Она была уверена, что вопрос закрыт. Последнее слово сказано, подведена черта. Но Нинни, побелев, вдруг стиснул кулаки и выкрикнул резко, почти фальцетом:
– Как вы можете быть так слепы и глухи! Оглянитесь вокруг! Кому нужны ваши работы, этот бред сумасшедшего?
– Замолчите.
– Почему вы считаете правой себя, а не всех остальных? Что вам сказали в Обществе художников?
– Это не ваше дело.
– Мое дело – спасти вас от безумия, от вашей мании величия. Поймите, женщина не может быть гением, опередившим свое время! Если вас никто не понимает – может быть, дело не в окружающих?
Как громко он кричит, устало подумала Ванесса; и как ужасна его дикая, болезненная ярость.
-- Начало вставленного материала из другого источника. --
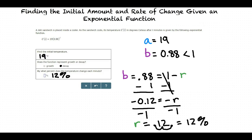So first we find the values corresponding to a and b based on the problem. Then we're able to find the initial temperature as well as the rate of change depending on the value of b.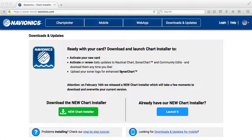I love my Navionics Plus card. It really sets up well because it gives me all my lakes, all my coastal charts, as well as my one-foot high-definition contour sonar charts for all of the US and Canada — all on one card. So it's not region-specific; you've got everything you need on one card.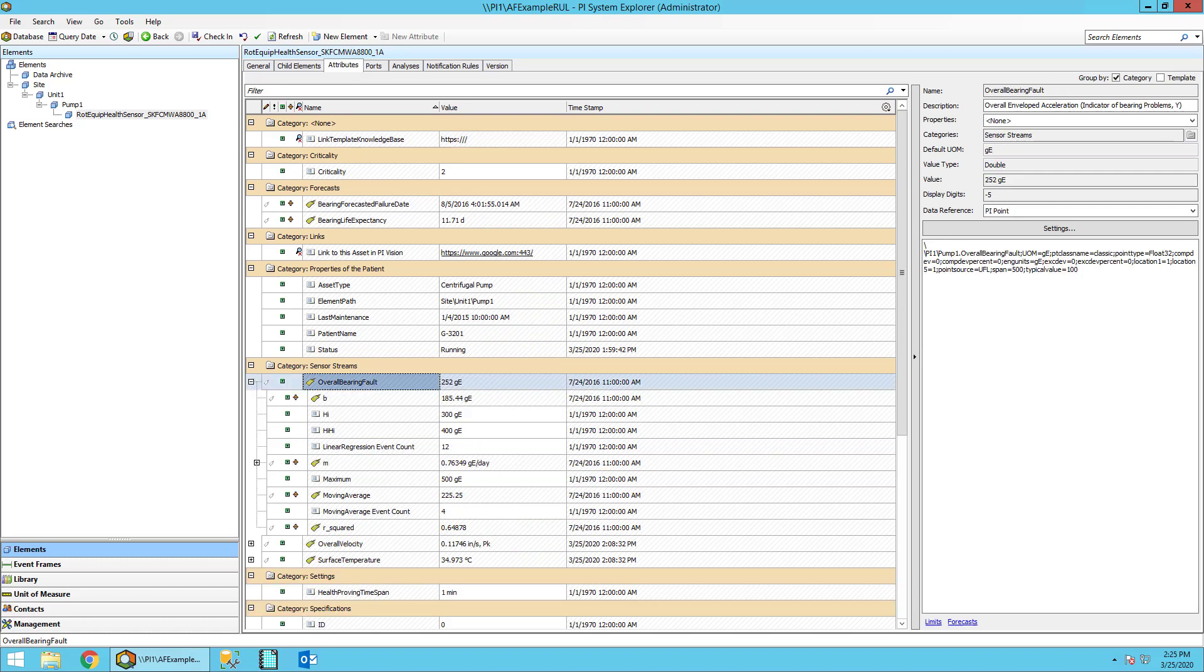So now let's take a look at some of the attributes of interest here. First, let's take a look at the overall bearing fault. This stores the nominal vibration values that we saw in the trend at the beginning of this exercise. We have one value per week over a total of 82 weeks that make up the trend.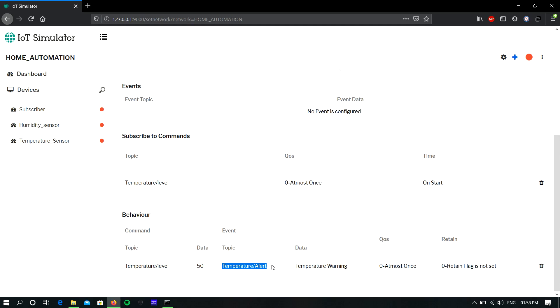So these are the steps to create behavior simulation in IoT Simulator. Hope this will help you guys. For more videos, subscribe to our channel. Bye, thanks.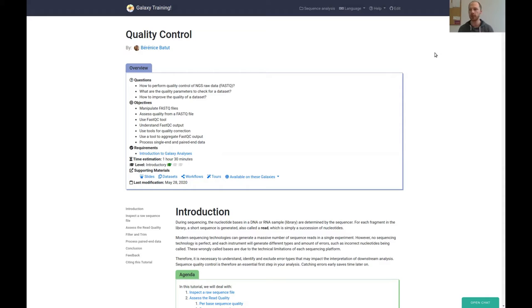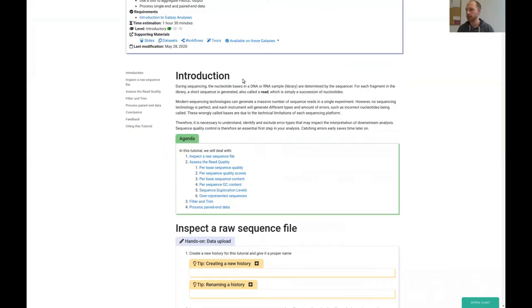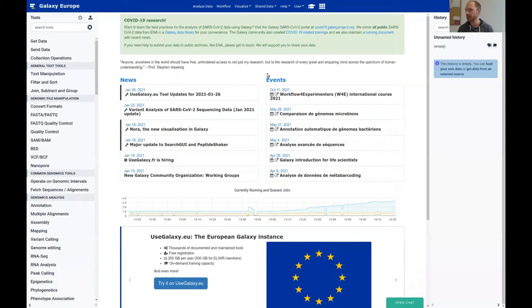Pause the video until the import or data analysis is finished, then continue. I'll always mention when there's a break. Okay, let's come to the hands-on — you can read the introduction a bit. In the meantime, let's go to Galaxy.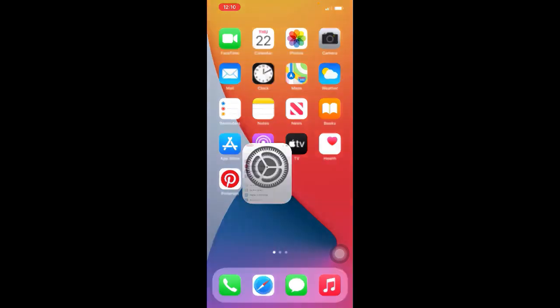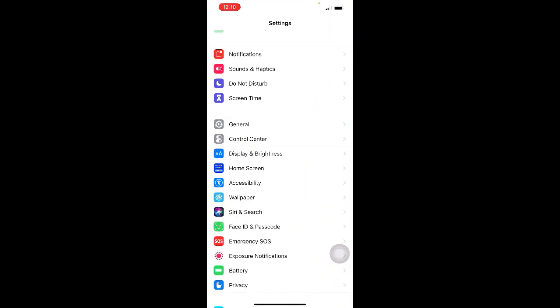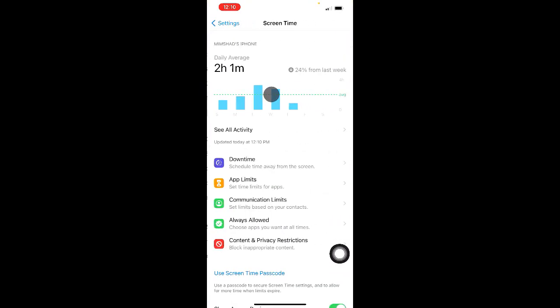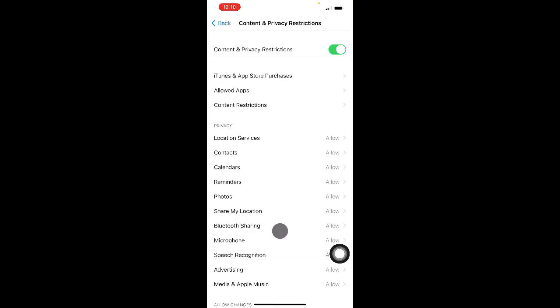Then from here, you click on Screen Time. Then from here, you click on Content and Privacy Restrictions, then here you click on Allowed Apps.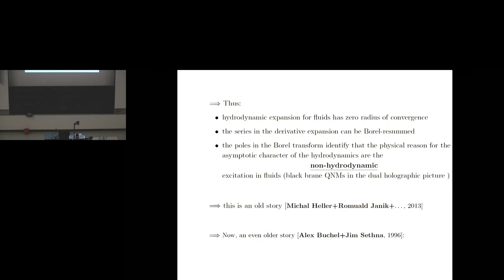In the case of relativistic fluid hydrodynamics, as those gentlemen taught us, this is the physics of non-hydrodynamic modes. As a previous speaker reminded you, those non-hydrodynamic modes are the quasi-normal modes. This is the story of fluid hydrodynamics.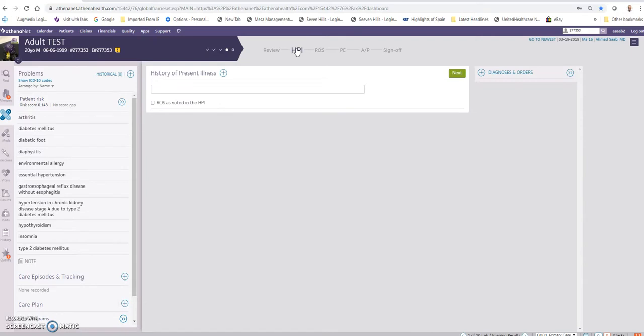...this is going to click on the HPI section. The patient has a headache of three days duration. She has had multiple previous headaches. Quick ROS macro.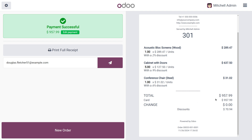By effectively utilizing line discounts, you can optimize your pricing strategies, improve customer satisfaction, and streamline your business operations. That's all for today — thank you for watching the video.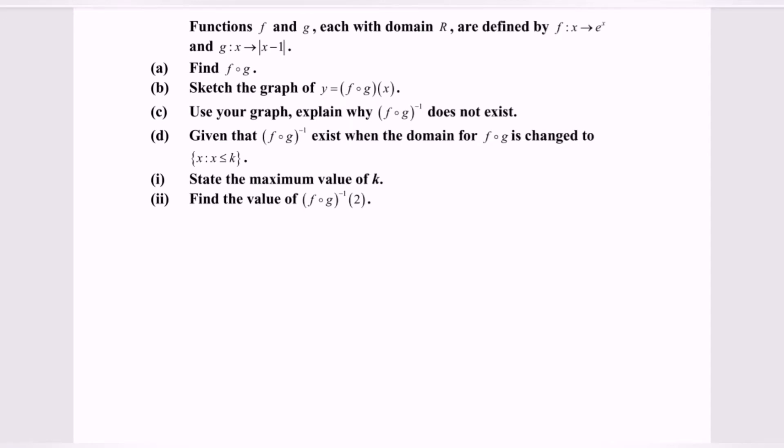Hello everyone, welcome to my channel. In this video, I'm going to discuss the question about function and graph.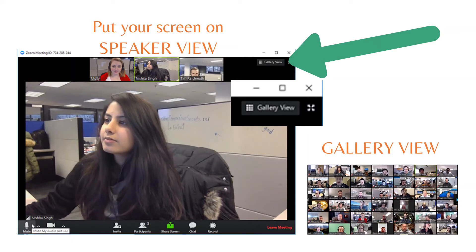First of all, we recommend that you set your screen to speaker view. This will make the speaker central on your screen with the participants scrolling across the top. This is opposed to gallery view, which displays a screen full of participants. Speaker view will make it easier for you to follow along. Click the icon on the top right of your screen to set your view style.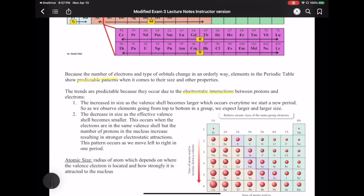Looking at the major pattern in how protons and electrons interact, we notice two things. The first is that there's an increase in size of the atom. The reason is because the valence shell tends to increase every time we change to a new period. Going from period 1 to period 2, period 2 to period 3, and so on — every time we go to a new period, our n, which is our shell number, goes up one. The increase in shell number tells us that electrons are now further away from the nucleus.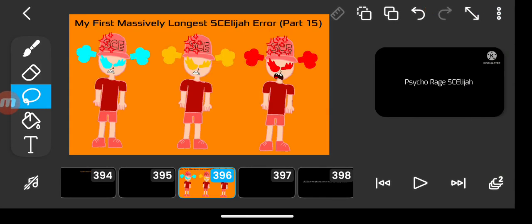My First Massively Longest S.C. Elijah Error, Part 15, The End of the Rage Modes.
Когда слушать стало невыносимо, она повернулась и вышла. Поднялась на второй этаж, села на кровать в своей спальне и уставилась в пустоту. Где-то в голове, за глазницей, растекалось ослепительно-жаркое, как раскаленное золото в литейном цехе. Она стала думать про снег; вспоминать, как зарывалась пальцами в невесомую, рассыпчатую, жгучую белизну; как рисовала в воображении бабушку – молодую, с длинной льняной косой и в вышитом корсаже, какие носят на ее родине. Туда, к далекой неприветливой земле, уходила кряжистая ветвь их родословной, тогда как другая терялась среди шотландских равнин, а третья – поди теперь проследи: Нормандия? Англия? И, окуная руки по локоть в снег, словно пытаясь докопаться до истоков, Ванесса спрашивала себя: кто мы? Почему так хочется уехать прочь – и так тянет остаться? Причиной ли тому мятежная, цыганская кровь двух женщин, которые когда-то бежали сюда – одна от любви, другая за любовью?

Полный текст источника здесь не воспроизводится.